Image-caption web data
++++++++

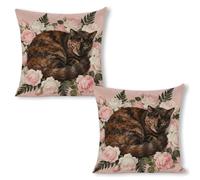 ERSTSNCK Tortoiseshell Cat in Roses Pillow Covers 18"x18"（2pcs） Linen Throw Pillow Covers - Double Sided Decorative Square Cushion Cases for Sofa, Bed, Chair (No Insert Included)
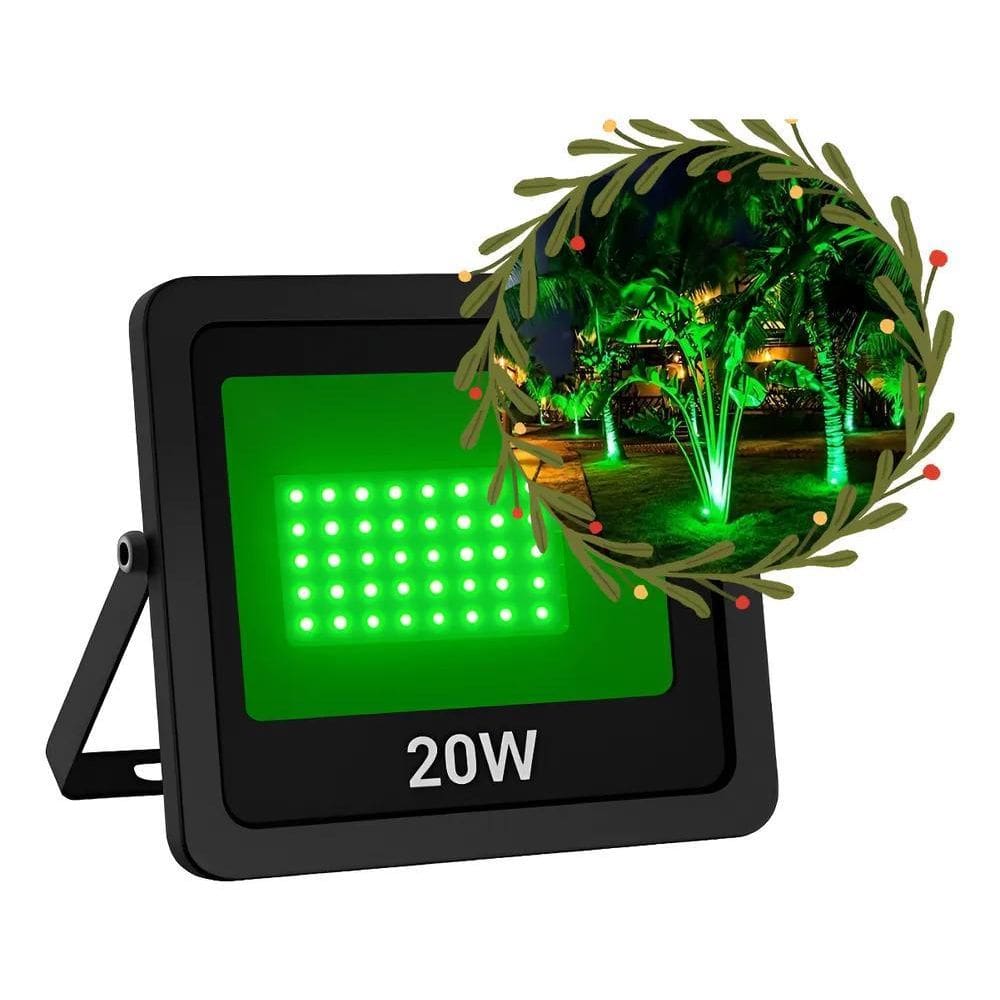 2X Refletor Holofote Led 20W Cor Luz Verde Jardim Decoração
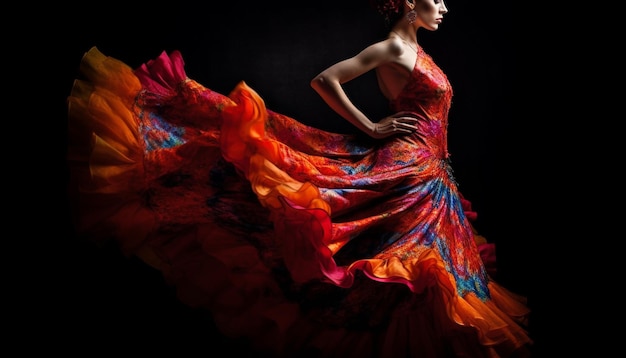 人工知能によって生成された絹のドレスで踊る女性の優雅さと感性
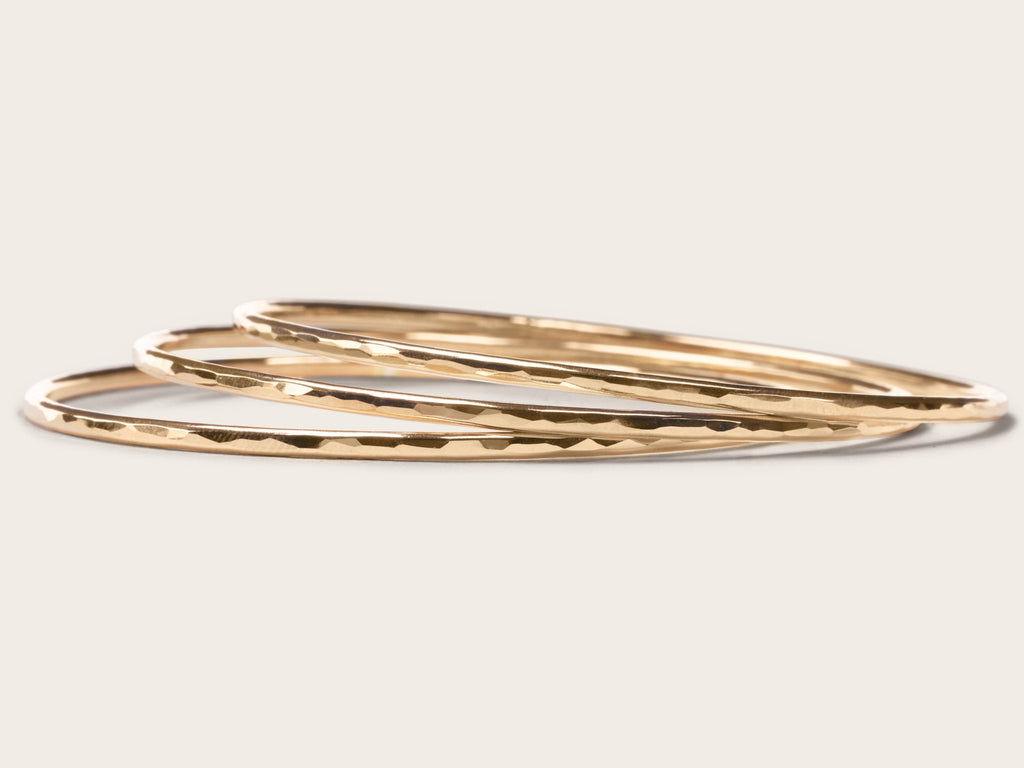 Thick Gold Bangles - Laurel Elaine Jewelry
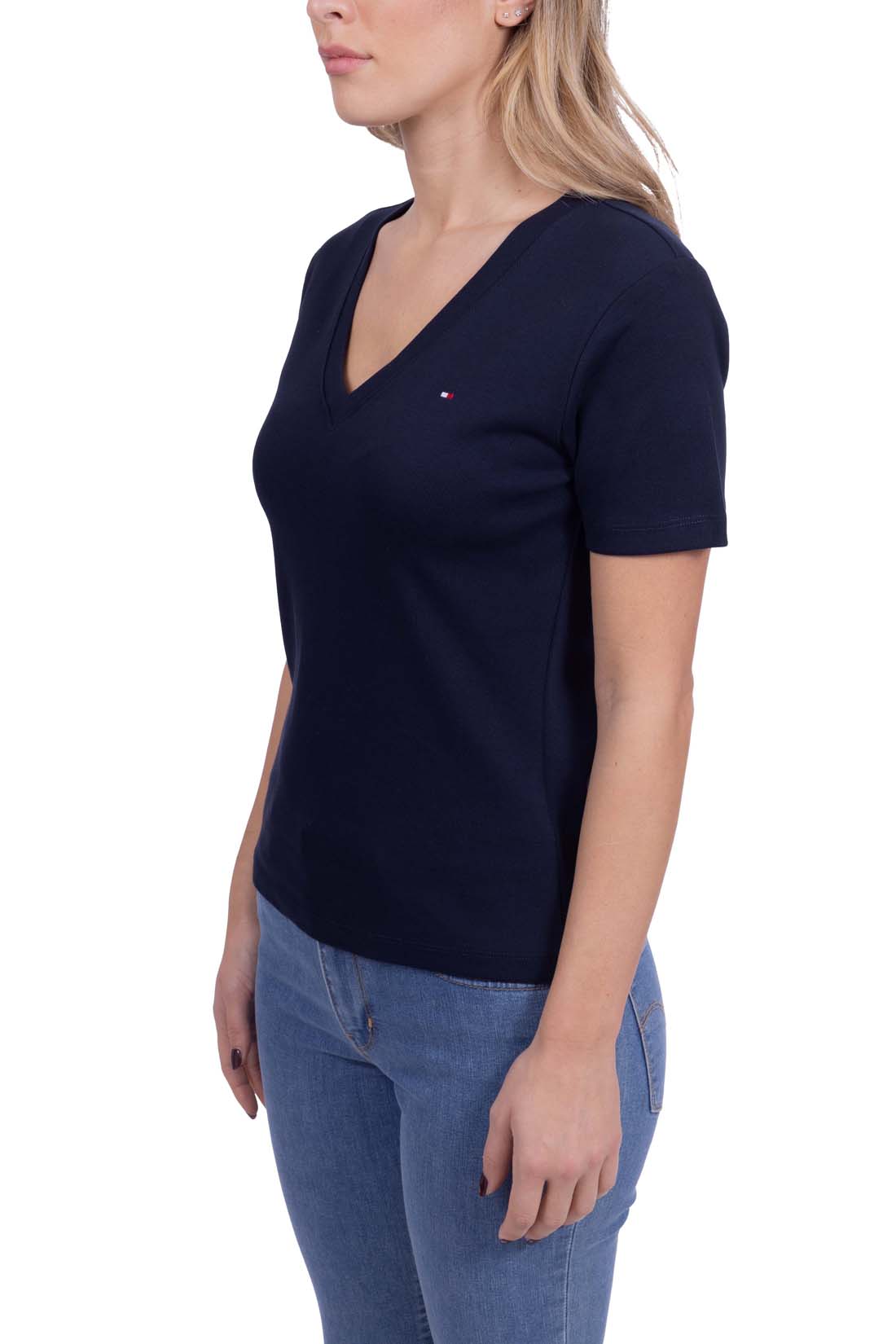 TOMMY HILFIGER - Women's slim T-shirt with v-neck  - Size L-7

++++++++

» Exercise requirements:
Set down all of the entries exactly as they stand, without any image.

» Exercise solution:
 ERSTSNCK Tortoiseshell Cat in Roses Pillow Covers 18"x18"（2pcs） Linen Throw Pillow Covers - Double Sided Decorative Square Cushion Cases for Sofa, Bed, Chair (No Insert Included)
 2X Refletor Holofote Led 20W Cor Luz Verde Jardim Decoração
 人工知能によって生成された絹のドレスで踊る女性の優雅さと感性
 Thick Gold Bangles - Laurel Elaine Jewelry
 TOMMY HILFIGER - Women's slim T-shirt with v-neck  - Size L-7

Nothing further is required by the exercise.